Los pueblos que visito se autodenominan “ribereños”; son mestizos, como yo soy mestiza; un cúmulo de etnias y costumbres con algo en común: la cultura del bosque húmedo, de cómo entenderlo y aprovechar sus ciclos, sus bondades, vivir con sus inclemencias.
Tampoco es la imagen estilo Avatar de seres que jamás dañarían un árbol ni comerían un animal. Vivir en la Amazonía no es fácil, y sus recursos son aprovechados al máximo, de eso no cabe duda.
El punto es lograr el equilibrio. El impacto de una comunidad pequeña, así cultive a través de la técnica ancestral de corte y quema, es mínimo. La selva se autorregenera en treinta años, si se trata de una diminuta parcela. Pero cuando hablamos de que cada minuto se tala el equivalente a veinte canchas de fútbol, el bosque nunca alcanzará a recuperarse. Dos tercios de lo que se ha perdido de Amazonía (y se ha perdido ya el 17%), ha sido dedicado a pastos para ganadería a gran escala.
He leído que si aprovecháramos de manera sustentable los productos amazónicos, que hay palmeras como el “aguaje” (Mauritia flexuosa), que da hasta 10.000 frutas por año (Humboldt la llamaría “el árbol de la vida”), o a través de la extracción maderera sostenible y selectiva, o de látex, la Amazonía podría generar hasta 5 trillones de dólares al año.

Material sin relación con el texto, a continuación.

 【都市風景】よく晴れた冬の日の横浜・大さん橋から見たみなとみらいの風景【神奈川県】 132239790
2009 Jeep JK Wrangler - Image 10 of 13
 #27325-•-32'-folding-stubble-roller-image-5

Es tan vasta, 40% del territorio del continente que habito, la compartimos nueve países en vías de desarrollo. ¿Podremos mantenerla tal cual, con sus guacamayos, ratas arbóreas, monos aulladores, anacondas, tarántulas, caobas, árboles?
Historias que no mueren
Me viene a la memoria Chico Mendes, asesinado en 1988 por luchar por el derecho de los Serengeiros a una vida sostenible en la selva brasileña.

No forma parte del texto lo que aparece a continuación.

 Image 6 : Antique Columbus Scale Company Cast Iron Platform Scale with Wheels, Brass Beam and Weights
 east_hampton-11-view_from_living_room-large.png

¿Cuántas otras historias guarda el bosque? Leo sobre Orellana, La Condamine, el coronel británico Fawcett que desapareciera misteriosamente buscando “la ciudad perdida de Z”, Michael Heckenberger, quien encontrara evidencias arqueológicas de las grandes ciudades Kuikuro de fortalezas circulares de 1.200 aD. Las historias me conectan a esta tierra que ha sido habitada, visitada, explorada y maltratada. Con los relatos humanos la siento cerca, ¿a ella, a él? ¿Al río Amazonas, a la tierra amazónica?
Me advierto impotente ante su verdor y riesgos inminentes. Ignorante ante la vastedad de riquezas culturales que jamás conoceré, y sobre todo, de su riqueza natural.

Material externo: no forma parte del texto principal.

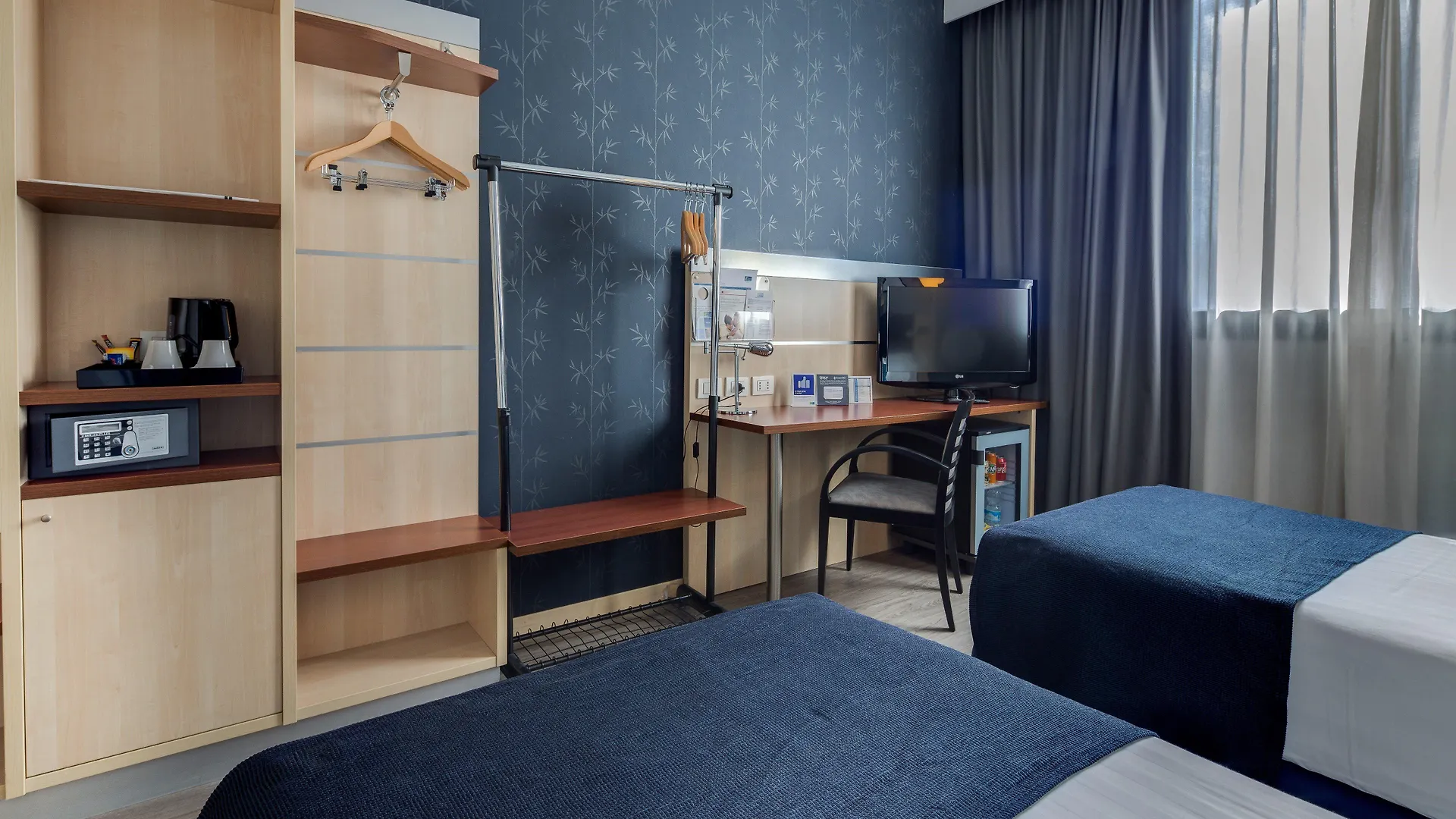 Holiday Inn Bologna - Fiera By Ihg 4*,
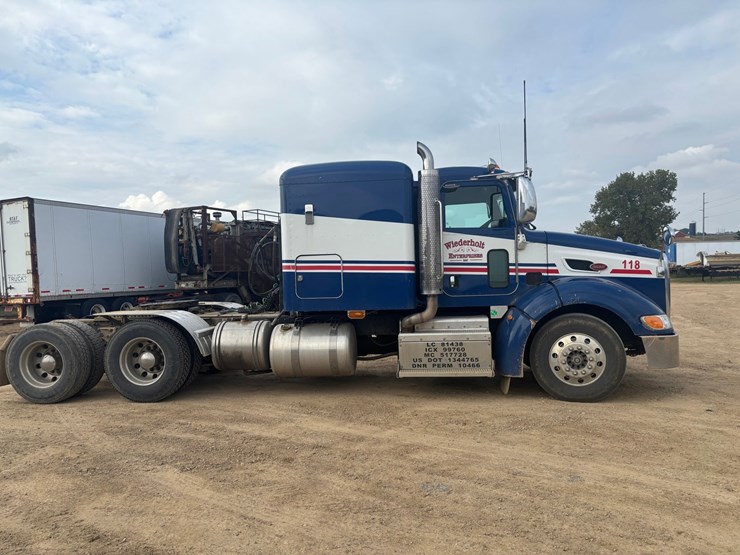 2014-peterbilt-384-image-5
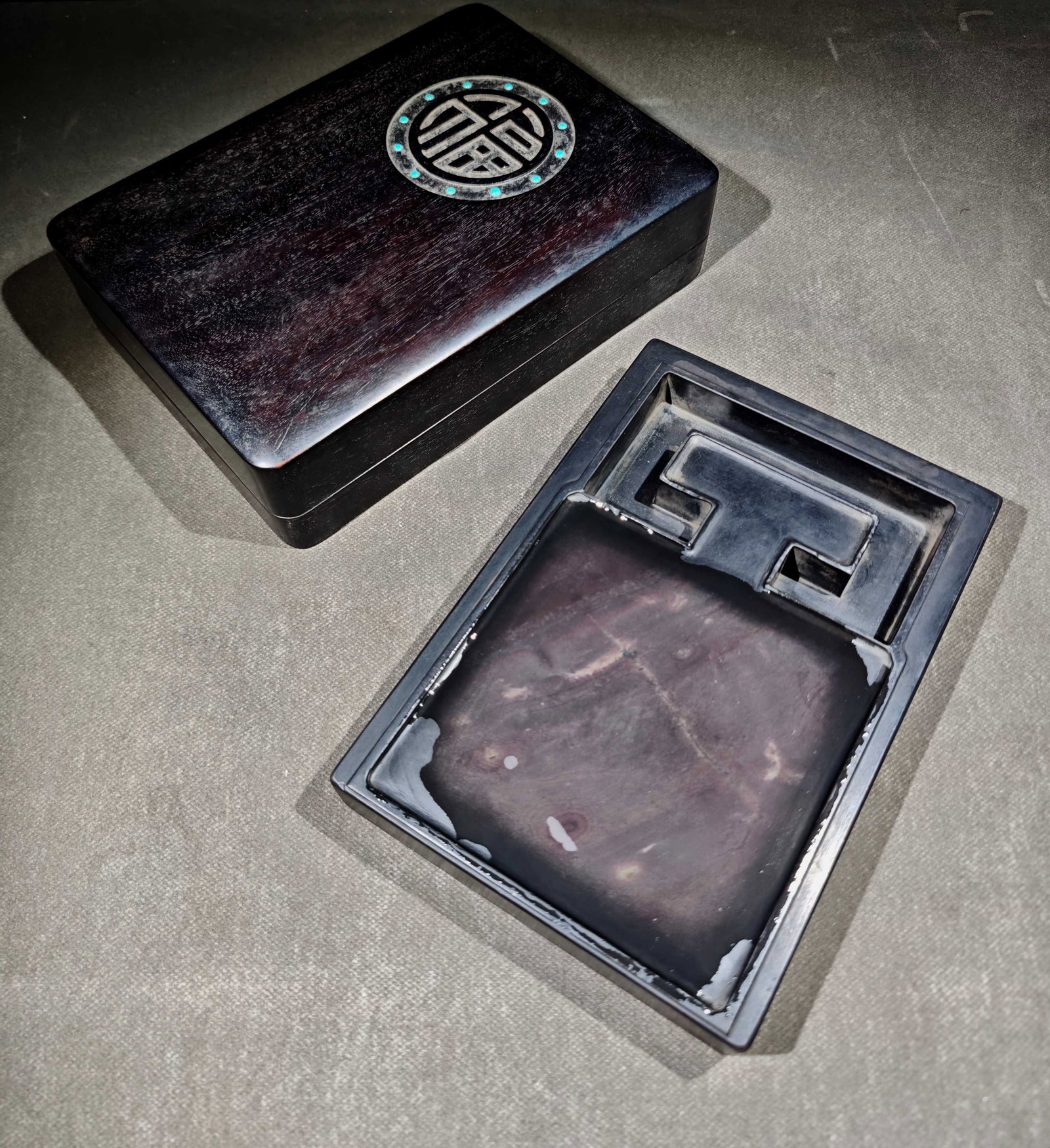 An Exquisite Banana Leaf Pattern with poem Inkstone - 2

Navego el río Dorado en la noche, en busca de caimanes. Brillan las estrellas. Es un estrecho cauce entre árboles gigantes, por tanto en el cielo también, un canal entre las estrellas. Difícil reconocer las constelaciones por la porción limitada de espacio. Atrás del bosque, a ambos lados del caño, tintinean estrellas intensas, ¿será Canopos? ¿Sirius? Son brillantísimas, e impaciente espero que el canal se ensanche para alcanzar a reconocerlas.
Llegamos finalmente al río Ucayali, con cientos de metros entre orilla y orilla. ¡No habían sido estrellas del cielo las que me estaban confundiendo, eran luciérnagas del bosque tropical húmedo más grande y biodiverso del planeta!